Mark outlier spikes in a measurement time series — mark_outlier_spikes

Uses a simple heuristic to detect positive outliers (i.e. unusually high spikes) in a time series. The approach is to compare a measurement with the median of measurements in a small centered window. If the measurements before and after are considerably lower than the current measurement, the median will also be much lower. This is used as a criterion to determine outliers.

Usage

mark_outlier_spikes_median(
  df,
  measurement_col,
  date_col = date,
  window = 5,
  threshold_factor = 5,
  mad_window = 14,
  mad_lower_quantile = 0.05
)

Arguments

df: A data.frame containing the time series of measurements.
measurement_col: The name of the column with the measurements. Use dplyr-style env-variables, not characters.
date_col: The name of the column with corresponding dates. Use dplyr-style env-variables, not characters.
window: The size of the centered window for computing the median.
threshold_factor: Beyond how many median absolute deviations from the median should a measurement be marked as outlier?
mad_window: The size of the right-aligned, one-day-lagged window for the mean absolute deviation. This should be longer than the window for the median.
mad_lower_quantile: At what quantile should the lower bound for the expected noise be?
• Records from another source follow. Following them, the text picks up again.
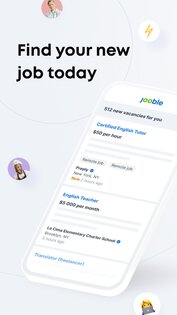 Jooble – поиск работы 1.17.0. Скриншот 1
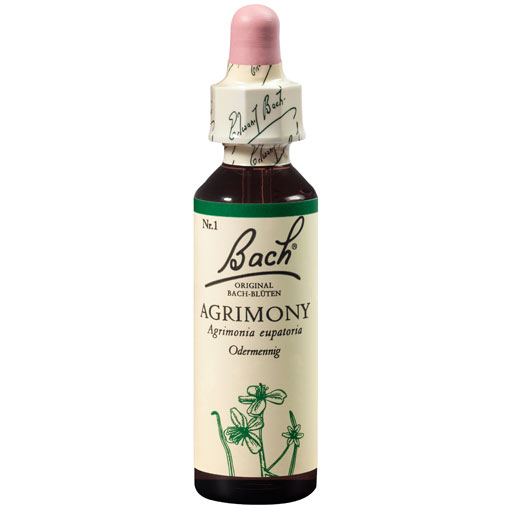 BACHBLÜTEN Agrimony Tropfen  20 ml  Tropfen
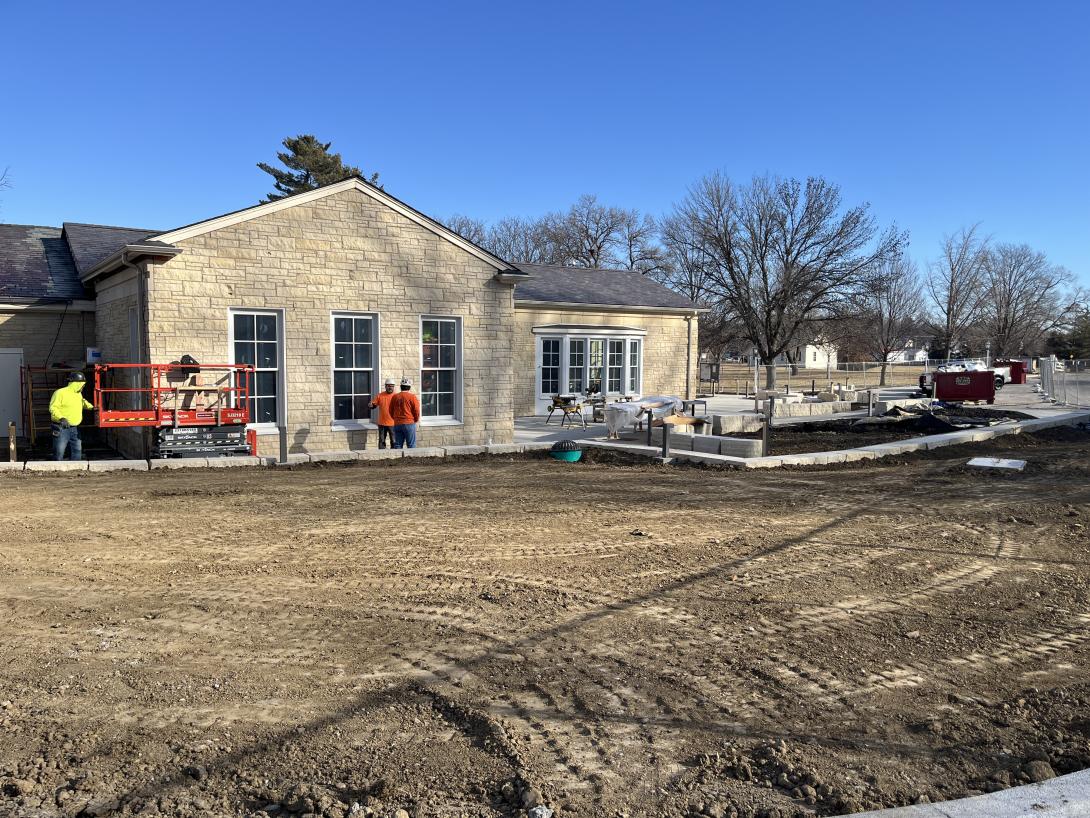 Exterior of Museum, February 11, 2026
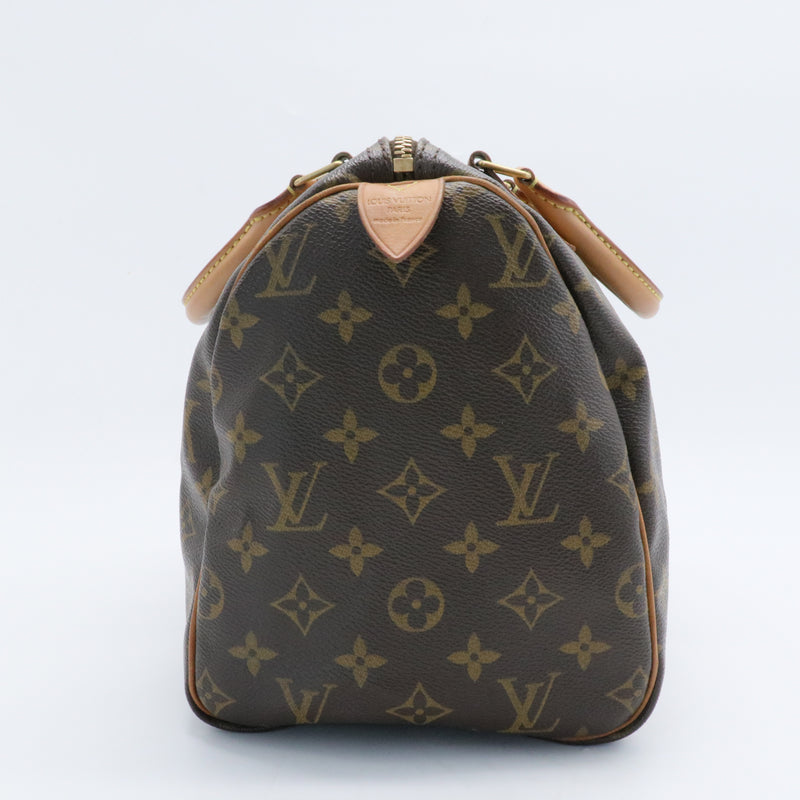 Speedy Handbag Monogram Canvas 30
This is used to avoid false positives when concentration levels are very low.

Value

The provided data.frame, with an additional logical column is_outlier.

Details

To determine how much deviation from the median is significant, a moving median absolute deviation (as a more robust estimate than the standard deviation of how much noise to expect) in measurements is used. This seems to be more robust than just multiplying the median with a factor to determine the threshold. The moving MAD is lagged by one day such that the current value is not included. Moreover, note that because the window for the moving median is centered, the last window_size/2 dates have no spike detection.

The method also allows for multiple measurements per day (replicates), where each replicate is evaluated individually. However, this currently does not give more weight to days with more replicates, i.e. ignores potential differences in measurement uncertainty.